(Saved data entries)

........

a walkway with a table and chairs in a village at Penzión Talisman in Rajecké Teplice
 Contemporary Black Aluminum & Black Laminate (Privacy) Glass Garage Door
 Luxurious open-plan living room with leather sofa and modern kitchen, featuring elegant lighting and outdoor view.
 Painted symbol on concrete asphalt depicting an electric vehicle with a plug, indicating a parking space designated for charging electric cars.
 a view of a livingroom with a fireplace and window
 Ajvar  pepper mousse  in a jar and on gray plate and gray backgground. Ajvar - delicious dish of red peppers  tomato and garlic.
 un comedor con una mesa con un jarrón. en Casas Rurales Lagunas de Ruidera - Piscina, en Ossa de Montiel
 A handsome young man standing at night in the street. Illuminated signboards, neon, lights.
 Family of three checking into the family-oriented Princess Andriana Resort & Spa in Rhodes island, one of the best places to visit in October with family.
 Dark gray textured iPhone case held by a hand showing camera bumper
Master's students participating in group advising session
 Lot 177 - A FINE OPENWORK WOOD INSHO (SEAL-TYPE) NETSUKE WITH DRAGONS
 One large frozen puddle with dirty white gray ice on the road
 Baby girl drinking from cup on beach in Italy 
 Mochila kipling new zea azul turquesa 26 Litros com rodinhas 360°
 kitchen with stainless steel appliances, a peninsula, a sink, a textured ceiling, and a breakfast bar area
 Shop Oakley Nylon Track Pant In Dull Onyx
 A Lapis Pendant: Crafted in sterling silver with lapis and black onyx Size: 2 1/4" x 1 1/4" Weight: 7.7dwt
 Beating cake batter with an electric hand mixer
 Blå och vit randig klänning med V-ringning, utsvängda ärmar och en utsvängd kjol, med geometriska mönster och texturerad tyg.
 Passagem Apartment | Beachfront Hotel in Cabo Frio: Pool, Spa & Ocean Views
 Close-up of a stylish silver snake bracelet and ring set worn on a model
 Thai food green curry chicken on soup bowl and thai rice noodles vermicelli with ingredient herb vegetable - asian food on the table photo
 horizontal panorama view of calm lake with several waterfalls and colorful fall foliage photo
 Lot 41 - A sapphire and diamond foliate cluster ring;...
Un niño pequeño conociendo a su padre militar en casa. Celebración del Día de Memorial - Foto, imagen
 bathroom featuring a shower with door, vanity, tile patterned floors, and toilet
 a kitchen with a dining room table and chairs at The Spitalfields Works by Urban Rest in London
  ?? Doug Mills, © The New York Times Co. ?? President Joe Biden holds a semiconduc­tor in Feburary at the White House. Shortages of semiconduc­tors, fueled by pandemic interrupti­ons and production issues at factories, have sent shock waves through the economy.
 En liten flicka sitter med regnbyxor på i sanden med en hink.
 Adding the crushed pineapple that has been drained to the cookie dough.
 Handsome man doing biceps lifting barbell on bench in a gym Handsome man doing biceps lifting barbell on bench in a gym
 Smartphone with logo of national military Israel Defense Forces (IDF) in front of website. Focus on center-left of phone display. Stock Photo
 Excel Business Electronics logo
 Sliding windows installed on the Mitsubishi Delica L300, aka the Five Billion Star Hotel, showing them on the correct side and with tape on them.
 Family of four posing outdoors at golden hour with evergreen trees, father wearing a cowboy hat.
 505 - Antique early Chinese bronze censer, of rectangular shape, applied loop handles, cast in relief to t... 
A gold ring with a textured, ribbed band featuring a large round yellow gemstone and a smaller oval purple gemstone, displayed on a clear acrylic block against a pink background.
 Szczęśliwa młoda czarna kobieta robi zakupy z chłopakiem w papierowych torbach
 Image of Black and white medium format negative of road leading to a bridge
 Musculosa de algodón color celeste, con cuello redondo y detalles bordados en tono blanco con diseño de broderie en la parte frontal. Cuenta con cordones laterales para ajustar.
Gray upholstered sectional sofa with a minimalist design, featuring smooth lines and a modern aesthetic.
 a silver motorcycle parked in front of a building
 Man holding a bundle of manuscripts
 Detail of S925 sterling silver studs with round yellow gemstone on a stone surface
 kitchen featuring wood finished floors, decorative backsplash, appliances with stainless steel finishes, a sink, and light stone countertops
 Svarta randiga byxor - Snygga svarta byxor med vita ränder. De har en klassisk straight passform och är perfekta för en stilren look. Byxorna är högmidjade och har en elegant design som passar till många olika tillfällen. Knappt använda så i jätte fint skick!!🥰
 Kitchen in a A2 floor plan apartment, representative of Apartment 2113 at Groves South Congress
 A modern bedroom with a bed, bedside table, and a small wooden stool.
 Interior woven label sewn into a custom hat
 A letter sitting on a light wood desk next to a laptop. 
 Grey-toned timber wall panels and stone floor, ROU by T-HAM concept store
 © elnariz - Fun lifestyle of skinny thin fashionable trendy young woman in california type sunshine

........

## WHAT IS EXPECTED
Copy down each line in the entries that has the word "textured".

## SOLUTION TO THIS PROBLEM
 Dark gray textured iPhone case held by a hand showing camera bumper
 kitchen with stainless steel appliances, a peninsula, a sink, a textured ceiling, and a breakfast bar area
A gold ring with a textured, ribbed band featuring a large round yellow gemstone and a smaller oval purple gemstone, displayed on a clear acrylic block against a pink background.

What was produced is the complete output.